PostgreSQL 17: Convert Streaming Replica to Logical Replication with pg_createsubscriber

Aakash M
Nov 13, 2024
7
Mins to Read
All

PostgreSQL 17 was released just a month ago, bringing many new features and improvements. We've already highlighted these enhancements in our Mydbops Monthly Webinar, the Open Source India (OSI) 2024 Event, and through various blog posts. During the OSI 2024, we had the opportunity to engage with numerous tech enthusiasts and students, many of whom asked questions about logical replication—particularly the exciting enhancements introduced in PostgreSQL 17.

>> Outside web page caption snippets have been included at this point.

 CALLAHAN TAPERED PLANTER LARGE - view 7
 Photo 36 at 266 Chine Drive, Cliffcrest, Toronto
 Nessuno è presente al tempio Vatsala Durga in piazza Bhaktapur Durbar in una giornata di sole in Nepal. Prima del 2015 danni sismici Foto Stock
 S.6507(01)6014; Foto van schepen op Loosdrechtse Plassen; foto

In response to this interest, I've decided to write a detailed blog post focusing on each new logical replication feature. In this blog post, we will dive into pg_createsubscriber, a command-line utility that simplifies the setup of your logical replication server, making it ready in just seconds.

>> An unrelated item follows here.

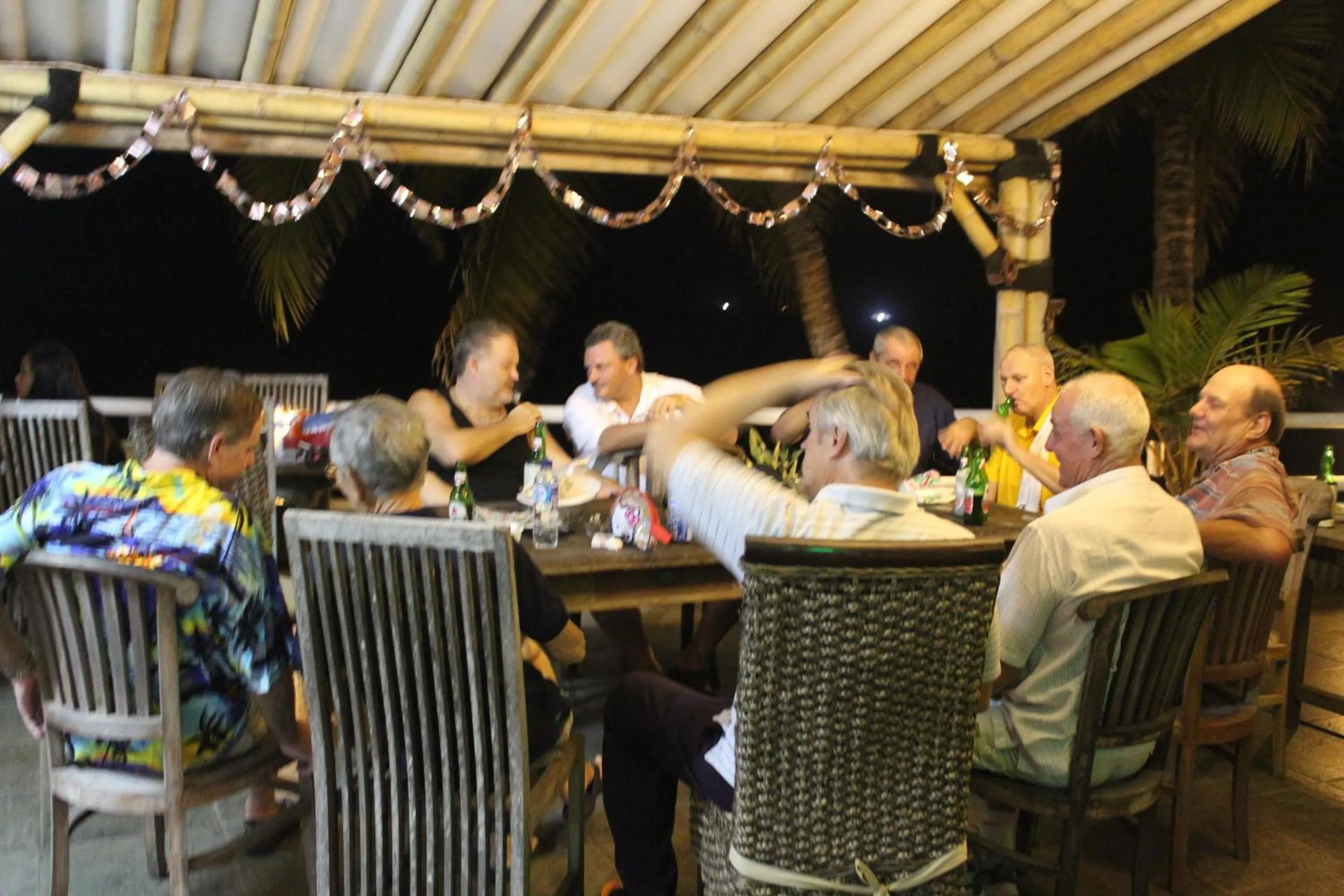 Drinks in 77 Sunset Plaza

Current Problem with Logical Replication Setup

  • Until Postgres 16, to build a logical replication, we needed to configure a publication on the source and a subscription on the destination.
  • Once configured, the initial data is copied from the source to the destination.
  • In the entire logical replication setup, this initial data sync is a time-consuming process for large databases.
  • Additionally, it requires retaining WAL files needed to perform Continuous Data Changes (CDC).
  • As the initial data sync process takes time, more WAL files accumulate and need to be retained.
  • This can lead to reaching the storage limit on the source server and requires more WAL files to be applied for CDC.
  • Therefore, it is crucial to keep the initial sync time as short as possible.
  • How pg_createsubscriber Addresses These Issues

    Our problem statement is clear: we need to reduce the initial sync time while building logical replication. pg_createsubscriber helps by quickly converting an existing streaming replica into a logical replication. This allows us to skip the initial data synchronization process and save time.

    This raises a couple of new questions:

    • What if I do not have any streaming replicas available?
    • Is building a streaming replica faster than logical replication?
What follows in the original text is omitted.